Manitoba Duty Free Store Owner Says Closed Border, Prospect of Lost Financial Help ‘Very Scare’


A Manitoba duty-free shop owner is struggling to stay open as the border between Canada and the United States remains closed to non-essential travelers.

Simon Resch co-owns the Duty Free Shop in Emerson, Manitoba. His family-owned business has sold liquor, perfumes, cosmetics, tobacco and Canadiana to cross-border travelers since 1982.

However, he has not been selling much throughout 2020.

“Because the leisure travellers have effectively disappeared from the border crossing in international travel, we don’t have a customer base.”

Resch says his earnings have fell by 80 to 85%, and there are only 15 staff on the schedule compared to pre-COVID-19 times when there would be over half than that.

“On certain weeks when maybe there’s a few more trucks out there, we’re down 75 per cent and we cheer, which is backwards to me, you know. It’s so strange,” he said.

The same is true for the other 32 land border duty-free stores on the Canadian side of the border, according to Barbara Barrett, the executive director of Frontier Duty-Free Association.

Unlike other businesses, duty-free stores, which are solely owned, are mainly regulated by the Canadian Border Services Agency, which administers their licenses.

“If people aren’t going into the stores then exiting into the U.S., they have no motor business,” she said.

“They can’t do online. They can’t pivot and do domestic sales because they’ll lose their licence. And they can’t do curbside pickup. There’s no way for them to pivot and do a different model of business based on the pandemic.”

All 33 land border stores have had to discard some items that are past their expiry date, she added.

“They can’t even they can’t sell it domestically. They couldn’t even donate it without having to also pay duties and taxes on it, which can be quite expensive when you’re not having any revenue coming in,” Barrett said.

“It’s a pretty desperate situation for them across the board.”

Government assistance

Resch has made use of a range of different provincial and federal support programs, including the Canadian Emergency Business Account, Manitoba bridge grant, wage and rent supports and the specialized resources for the tourism sector.

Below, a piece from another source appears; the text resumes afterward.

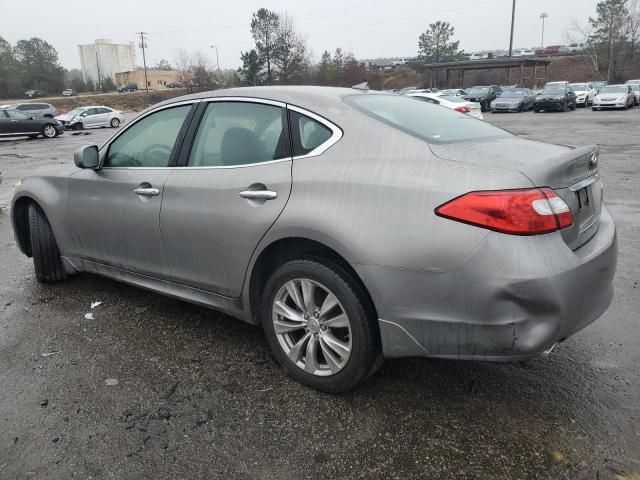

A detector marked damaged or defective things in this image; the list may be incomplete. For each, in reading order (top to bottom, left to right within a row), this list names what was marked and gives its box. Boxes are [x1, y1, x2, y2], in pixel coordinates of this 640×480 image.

cracked asphalt [0, 109, 636, 480]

“Quite literally every single federal program that exists, we’ve applied for,” he said.

Barrett says these programs are created for businesses that have been able to pivot due to the pandemic and have lost some (but not all) of their income.

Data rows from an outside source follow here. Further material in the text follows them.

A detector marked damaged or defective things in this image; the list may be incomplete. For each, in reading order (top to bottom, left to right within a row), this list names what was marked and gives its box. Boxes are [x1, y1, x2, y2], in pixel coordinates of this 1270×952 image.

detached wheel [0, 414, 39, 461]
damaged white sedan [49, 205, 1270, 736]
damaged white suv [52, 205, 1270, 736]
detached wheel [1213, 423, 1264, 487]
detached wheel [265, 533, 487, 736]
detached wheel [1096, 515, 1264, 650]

She says there’s a lot that needs to be done to support this very specialized sector.

That could seem like tapping into the $500 million federal Tourism Relief Fund that the government proposed in its 2021 budget.

“I think it’s fair to say we’re the hardest hit of the hardest hit. We’re asking for a relief fund, a small slice of that $500 million,” Barrett said.

She says the association would additionally like to see a plan for reopening the border so the affected businesses can plan ahead.

At the moment, they are in limbo, adds Barrett.

Resch is concerned the existing support programs will end before the border reopens, saying his business may only last 30 days without any financial help.

“From where I’m sitting that’s very, very scary.”